Revisiting “The Beautiful Tree” – 1

By the early decades of the nineteenth century, the British Government in London was well aware that a widespread system of indigenous education still prevailed in large parts of India.  For instance, the Public Dispatch from London to Bengal Presidency, dated 3 June 1814, observed:

“We refer with particular satisfaction upon this occasion to that distinguished feature of internal polity which prevails in some parts of India, and by which the instruction of the people is provided for by a certain charge upon the produce of the soil, and other endowments in favour of the village teachers, who are thereby rendered public servants of the community.” (Howell 1872:6; Dharampal 1983:67fn.)
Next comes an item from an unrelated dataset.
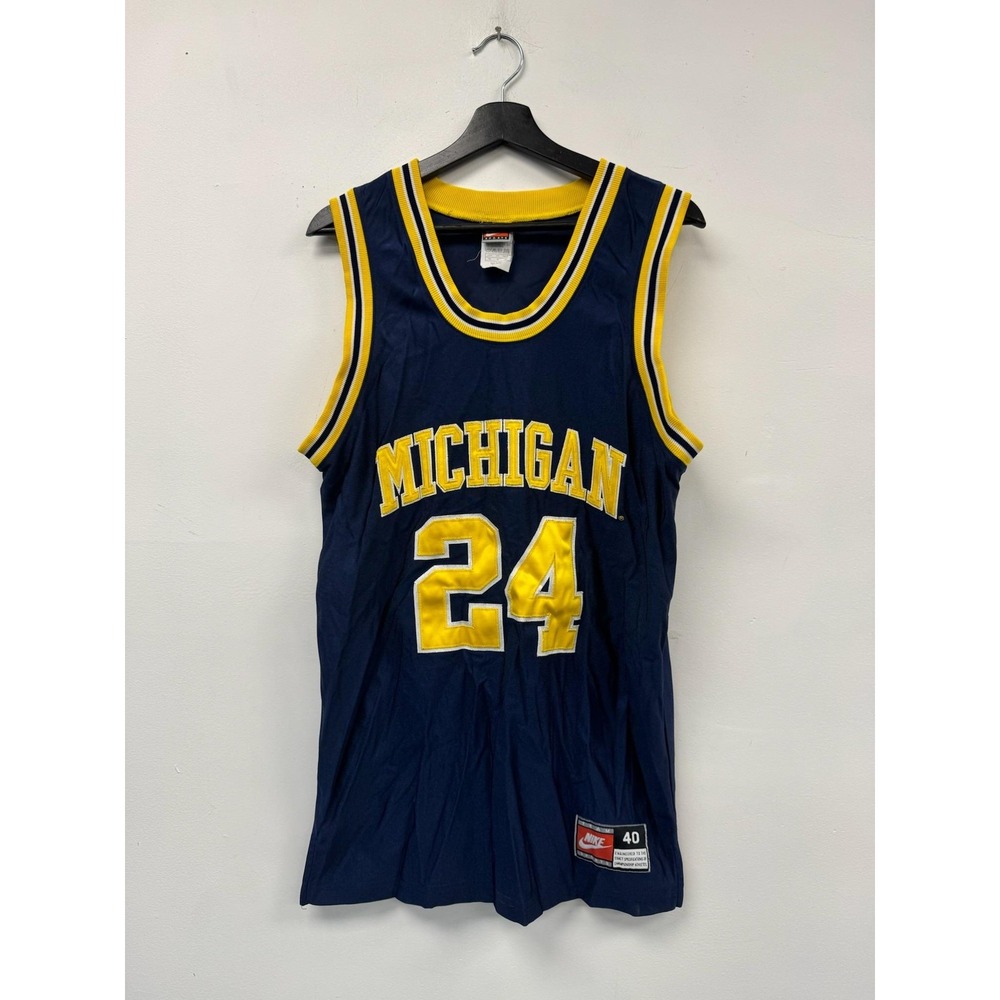 Vintage Michigan Wolverines Jersey Mens 40 Blue Yellow NCAA‎ Basketball Nike 90s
This brief allusion to the indigenous education system does encapsulate several features of the internal arrangements of the Indian polity that had been taken note of by various British officials in India and their masters in London: that a portion of the agricultural produce, which was the mainstay of Indian economy, was ear-marked by the village community for public spending on services like education.  The despatch also mentions that there were other endowments too, which in South India were in the form of maniyams or assignments of the revenue due to the Government from an agricultural land.  It is also notable that the dispatch refers to teachers significantly as ‘public servants’.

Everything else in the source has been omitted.